• _Task brief_: Take the entries below and print, exactly, the stretch from the line containing "Strategic Plan For" through the line containing "A diagram illustrating", both included.

##### Records supplied

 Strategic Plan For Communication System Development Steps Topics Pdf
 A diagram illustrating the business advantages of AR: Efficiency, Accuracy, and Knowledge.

##########
##### Records supplied

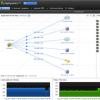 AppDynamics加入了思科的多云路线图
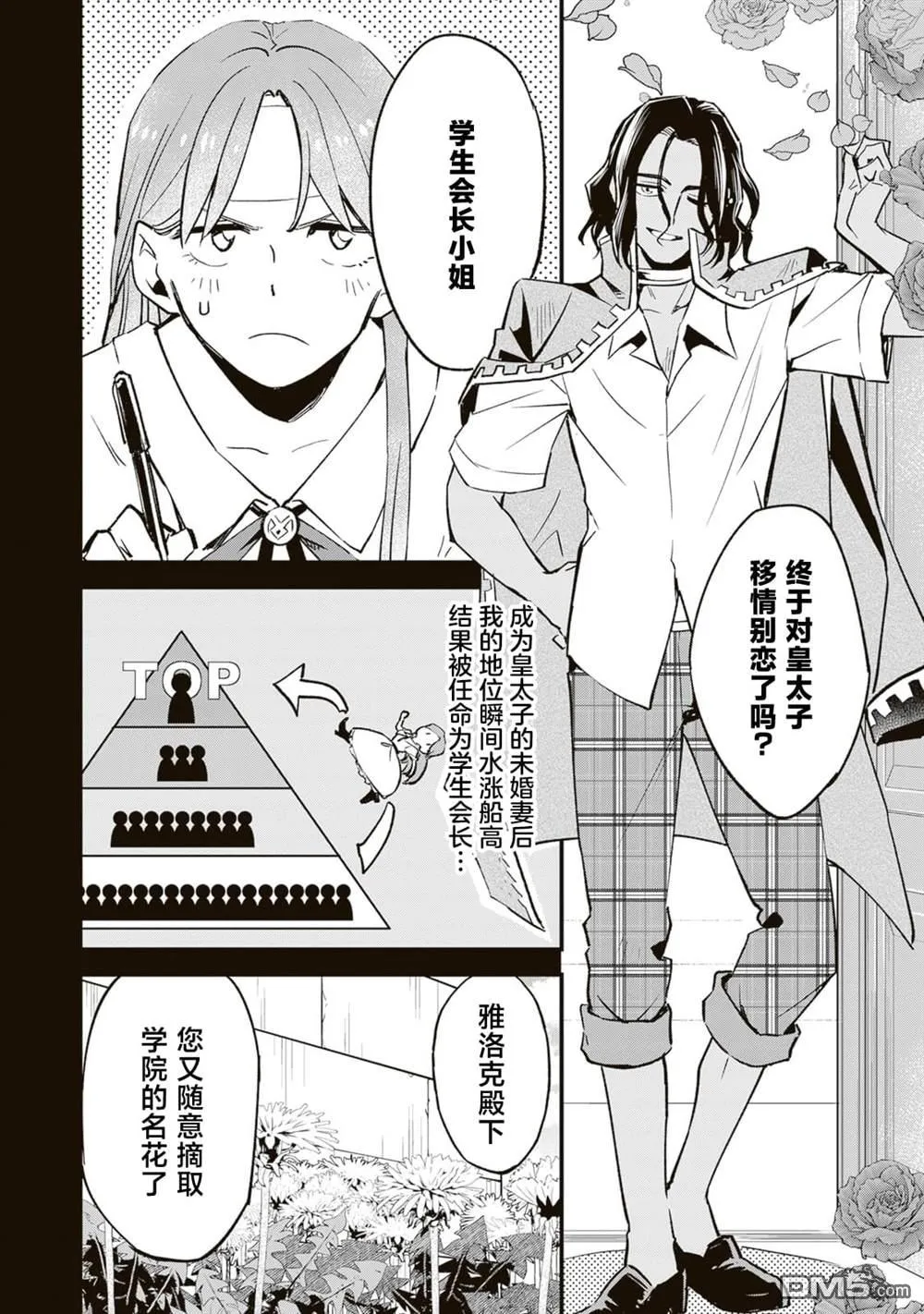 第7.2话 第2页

##########
##### Records supplied

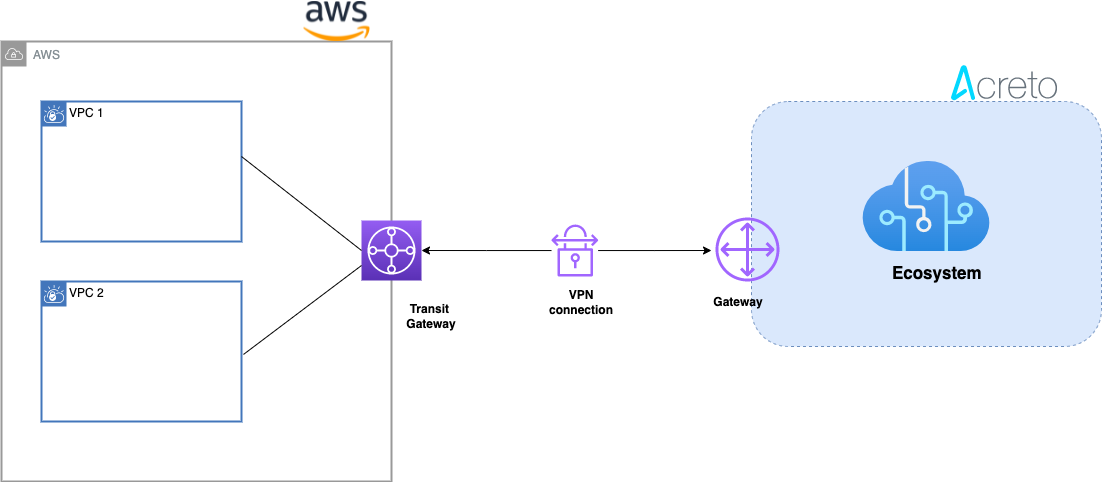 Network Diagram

##########

• _Exercise output_:
 Strategic Plan For Communication System Development Steps Topics Pdf
 A diagram illustrating the business advantages of AR: Efficiency, Accuracy, and Knowledge.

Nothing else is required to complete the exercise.